Wednesday, October 24, 2012

Autism is a Family Dynamic

The numbers currently tell us that 1 in 88 people are on the autism spectrum.  Although this is the number used when organizations are raising funds for autism treatment and research, it is misleading because it doesn’t convey the fact that autism affects millions of people.  Perhaps that’s because we look at autism as a “condition” that affects only the individual when, in fact, autism creates a dynamic that affects the entire family. 

While therapeutic approaches and early intervention is helpful, it isn’t enough.  It isn’t enough because the supports that exist today are focused on treating the individual, rather than supporting the family unit.  In order to move forward and make a lasting impact for autistic individuals, we must create new systems of support that include their family members.

Parents of autistic children are not merely parents.  They’re caregivers, therapists, behavior specialists, and nurses.  An article published online at SleepReview, The Journal for Sleep Specialists, discussed the overwhelming number of autistic individuals with sleep disturbances.  This means that parents are also not sleeping, sometimes going months or even years without a full night of restful sleep because of their child’s inability to sleep.  It’s impossible to function in this capacity without there being mental and physical effects, for both child and parent.

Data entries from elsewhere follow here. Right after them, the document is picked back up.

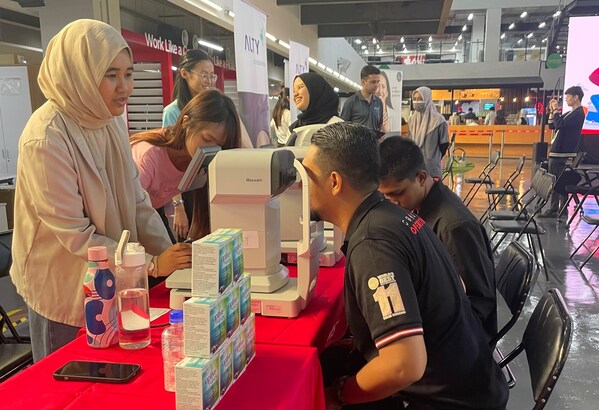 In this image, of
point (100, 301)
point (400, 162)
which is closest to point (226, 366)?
point (100, 301)

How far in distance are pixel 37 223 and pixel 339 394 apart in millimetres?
1005

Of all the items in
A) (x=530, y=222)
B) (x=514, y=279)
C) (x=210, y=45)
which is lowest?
(x=530, y=222)

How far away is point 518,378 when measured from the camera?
9.30ft

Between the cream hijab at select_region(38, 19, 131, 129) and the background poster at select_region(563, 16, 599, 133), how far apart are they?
8.41 meters

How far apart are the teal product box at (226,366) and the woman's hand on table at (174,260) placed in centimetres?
55

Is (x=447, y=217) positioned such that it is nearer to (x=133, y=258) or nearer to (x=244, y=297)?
(x=244, y=297)

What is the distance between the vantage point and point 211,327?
0.98 m

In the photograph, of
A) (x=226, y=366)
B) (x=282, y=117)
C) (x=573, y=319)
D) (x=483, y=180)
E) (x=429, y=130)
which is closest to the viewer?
(x=226, y=366)

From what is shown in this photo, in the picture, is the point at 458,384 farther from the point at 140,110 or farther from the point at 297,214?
the point at 140,110

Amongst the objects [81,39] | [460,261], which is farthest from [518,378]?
[81,39]

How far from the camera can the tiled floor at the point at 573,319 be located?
104 inches

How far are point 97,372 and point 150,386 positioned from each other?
0.14 m

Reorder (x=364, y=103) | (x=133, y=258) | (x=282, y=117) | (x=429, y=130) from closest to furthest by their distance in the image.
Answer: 1. (x=133, y=258)
2. (x=364, y=103)
3. (x=282, y=117)
4. (x=429, y=130)

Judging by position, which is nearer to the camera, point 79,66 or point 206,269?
point 206,269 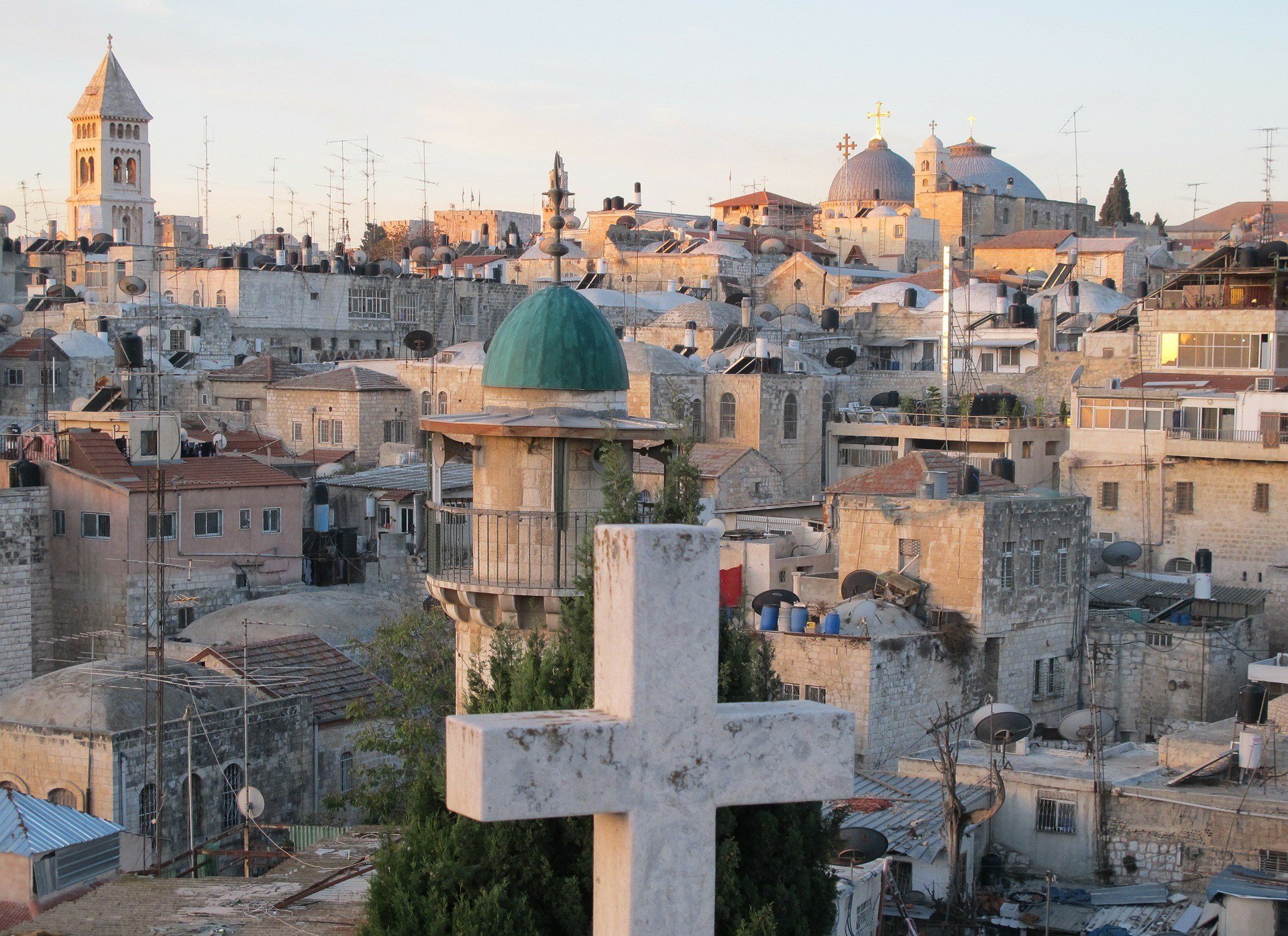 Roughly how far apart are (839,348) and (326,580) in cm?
1996

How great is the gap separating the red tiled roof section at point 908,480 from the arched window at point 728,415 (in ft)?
32.0

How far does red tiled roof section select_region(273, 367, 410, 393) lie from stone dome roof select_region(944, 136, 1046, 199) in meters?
48.0

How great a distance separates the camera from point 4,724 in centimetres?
1764

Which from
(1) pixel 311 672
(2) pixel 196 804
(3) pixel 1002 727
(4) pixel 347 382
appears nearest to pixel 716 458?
(4) pixel 347 382

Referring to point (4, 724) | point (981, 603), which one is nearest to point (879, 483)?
point (981, 603)

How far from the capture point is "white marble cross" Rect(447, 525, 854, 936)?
5.13 m

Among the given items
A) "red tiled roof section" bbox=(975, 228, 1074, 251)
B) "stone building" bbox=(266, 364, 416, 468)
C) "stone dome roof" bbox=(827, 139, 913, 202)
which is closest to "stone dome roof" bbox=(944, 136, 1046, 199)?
"stone dome roof" bbox=(827, 139, 913, 202)

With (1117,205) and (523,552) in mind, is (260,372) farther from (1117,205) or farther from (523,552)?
(1117,205)

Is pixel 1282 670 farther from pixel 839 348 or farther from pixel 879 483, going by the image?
pixel 839 348

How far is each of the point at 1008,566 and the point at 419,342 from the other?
2339cm

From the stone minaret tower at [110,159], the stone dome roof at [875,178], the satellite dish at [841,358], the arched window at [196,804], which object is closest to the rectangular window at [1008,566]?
the arched window at [196,804]

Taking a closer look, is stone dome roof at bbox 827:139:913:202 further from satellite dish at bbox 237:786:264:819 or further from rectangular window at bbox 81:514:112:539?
satellite dish at bbox 237:786:264:819

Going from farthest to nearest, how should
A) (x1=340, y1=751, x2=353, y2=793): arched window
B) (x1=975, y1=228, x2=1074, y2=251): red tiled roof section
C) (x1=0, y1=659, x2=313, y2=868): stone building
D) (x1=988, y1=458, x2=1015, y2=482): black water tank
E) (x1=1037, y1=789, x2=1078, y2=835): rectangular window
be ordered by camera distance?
1. (x1=975, y1=228, x2=1074, y2=251): red tiled roof section
2. (x1=988, y1=458, x2=1015, y2=482): black water tank
3. (x1=340, y1=751, x2=353, y2=793): arched window
4. (x1=1037, y1=789, x2=1078, y2=835): rectangular window
5. (x1=0, y1=659, x2=313, y2=868): stone building

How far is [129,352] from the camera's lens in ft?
124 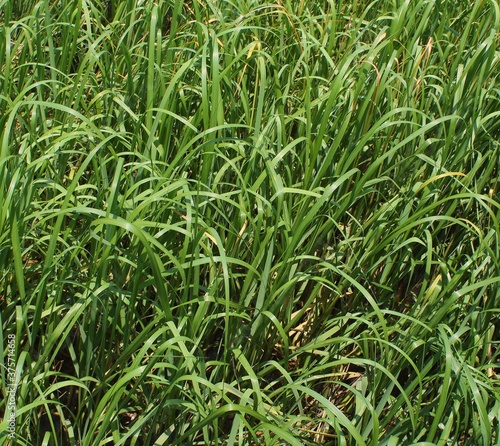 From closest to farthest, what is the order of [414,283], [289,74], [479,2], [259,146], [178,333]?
[178,333] → [259,146] → [414,283] → [289,74] → [479,2]

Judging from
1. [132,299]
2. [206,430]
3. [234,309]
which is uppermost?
[132,299]

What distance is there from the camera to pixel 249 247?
1795 millimetres

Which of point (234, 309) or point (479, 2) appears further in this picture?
point (479, 2)

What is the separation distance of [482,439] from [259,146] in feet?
2.86

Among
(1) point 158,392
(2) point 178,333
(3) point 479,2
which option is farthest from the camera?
(3) point 479,2

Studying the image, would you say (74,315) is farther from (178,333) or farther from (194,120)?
(194,120)

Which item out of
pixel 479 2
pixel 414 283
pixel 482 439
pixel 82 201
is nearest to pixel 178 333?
pixel 82 201

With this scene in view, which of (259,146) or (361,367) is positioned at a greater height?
(259,146)

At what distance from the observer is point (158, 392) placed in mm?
1672

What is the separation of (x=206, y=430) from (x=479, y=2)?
1745 mm

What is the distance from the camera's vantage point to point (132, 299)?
1573 millimetres

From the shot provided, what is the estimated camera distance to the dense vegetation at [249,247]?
157 cm

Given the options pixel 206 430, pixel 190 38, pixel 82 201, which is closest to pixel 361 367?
pixel 206 430

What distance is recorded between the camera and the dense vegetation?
1.57 meters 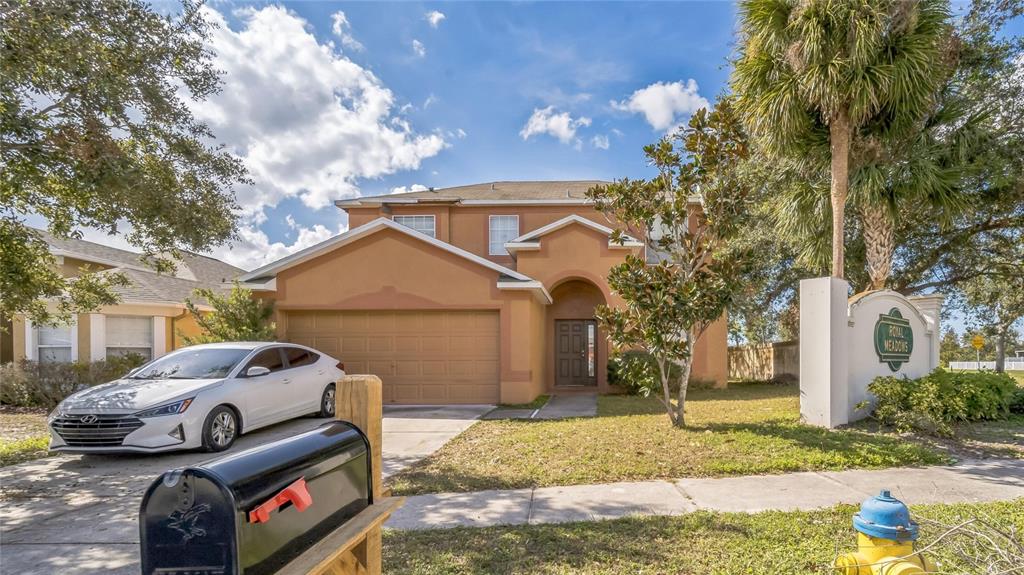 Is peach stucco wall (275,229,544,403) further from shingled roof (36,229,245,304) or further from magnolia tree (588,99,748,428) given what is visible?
magnolia tree (588,99,748,428)

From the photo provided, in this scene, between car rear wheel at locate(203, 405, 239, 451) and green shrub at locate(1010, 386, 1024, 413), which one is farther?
green shrub at locate(1010, 386, 1024, 413)

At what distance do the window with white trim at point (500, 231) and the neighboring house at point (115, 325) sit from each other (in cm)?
935

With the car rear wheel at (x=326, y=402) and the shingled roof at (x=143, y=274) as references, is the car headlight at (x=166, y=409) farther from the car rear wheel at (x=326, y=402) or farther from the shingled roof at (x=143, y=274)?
the shingled roof at (x=143, y=274)

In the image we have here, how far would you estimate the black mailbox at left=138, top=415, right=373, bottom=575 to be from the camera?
163 cm

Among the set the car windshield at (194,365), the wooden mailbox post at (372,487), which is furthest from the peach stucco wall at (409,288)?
the wooden mailbox post at (372,487)

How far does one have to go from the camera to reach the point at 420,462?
22.5 ft

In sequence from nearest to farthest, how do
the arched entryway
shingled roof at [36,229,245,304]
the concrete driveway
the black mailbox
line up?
1. the black mailbox
2. the concrete driveway
3. shingled roof at [36,229,245,304]
4. the arched entryway

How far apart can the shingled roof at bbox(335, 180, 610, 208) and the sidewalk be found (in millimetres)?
13365

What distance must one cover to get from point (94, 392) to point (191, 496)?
7.38 m

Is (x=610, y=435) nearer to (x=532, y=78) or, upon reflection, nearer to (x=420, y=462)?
(x=420, y=462)

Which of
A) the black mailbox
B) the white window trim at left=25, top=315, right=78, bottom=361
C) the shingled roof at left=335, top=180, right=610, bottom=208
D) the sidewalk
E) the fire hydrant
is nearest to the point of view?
the black mailbox

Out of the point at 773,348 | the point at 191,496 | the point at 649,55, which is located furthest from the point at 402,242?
the point at 773,348

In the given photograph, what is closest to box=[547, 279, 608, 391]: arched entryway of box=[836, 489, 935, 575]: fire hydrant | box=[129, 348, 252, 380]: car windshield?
box=[129, 348, 252, 380]: car windshield

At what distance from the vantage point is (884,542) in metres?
2.35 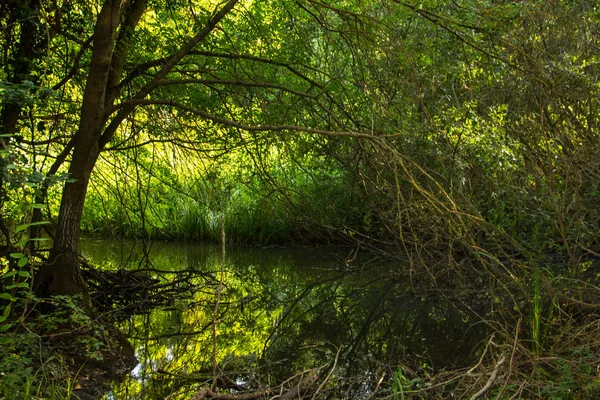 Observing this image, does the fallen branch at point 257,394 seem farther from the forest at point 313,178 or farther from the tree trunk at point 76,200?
the tree trunk at point 76,200

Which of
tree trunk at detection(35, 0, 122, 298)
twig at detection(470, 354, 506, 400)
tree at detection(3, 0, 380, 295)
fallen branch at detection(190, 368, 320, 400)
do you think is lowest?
fallen branch at detection(190, 368, 320, 400)

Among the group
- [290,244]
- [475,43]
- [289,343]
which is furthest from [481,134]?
[290,244]

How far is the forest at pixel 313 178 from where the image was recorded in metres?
4.79

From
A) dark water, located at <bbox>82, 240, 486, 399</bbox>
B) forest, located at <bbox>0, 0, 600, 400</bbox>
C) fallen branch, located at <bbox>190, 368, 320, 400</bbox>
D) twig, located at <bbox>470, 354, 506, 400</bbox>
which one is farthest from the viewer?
dark water, located at <bbox>82, 240, 486, 399</bbox>

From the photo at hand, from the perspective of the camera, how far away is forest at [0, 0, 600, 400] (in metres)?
4.79

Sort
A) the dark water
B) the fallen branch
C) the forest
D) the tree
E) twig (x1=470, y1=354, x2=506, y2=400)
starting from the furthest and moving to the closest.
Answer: the tree < the dark water < the forest < the fallen branch < twig (x1=470, y1=354, x2=506, y2=400)

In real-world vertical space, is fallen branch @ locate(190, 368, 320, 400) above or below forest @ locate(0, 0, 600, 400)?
below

Aggression is a common behavior for many autistics.  Lack of communication or low frustration tolerance can trigger a child to act out aggressively.  Parents must learn to manage meltdowns and outbursts that can include property destruction and physical aggression.  It is not uncommon for someone with autism to bite, hit, kick or punch a parent during a meltdown.  Siblings can also find themselves on the receiving end and have difficulty understanding why their sibling is striking out at them.  Often this leads a parent to turn to medications to help their child manage their moods, which often involves a lengthy trial-and-error period of adjustment, as referenced by the online article, Autism and Medication. 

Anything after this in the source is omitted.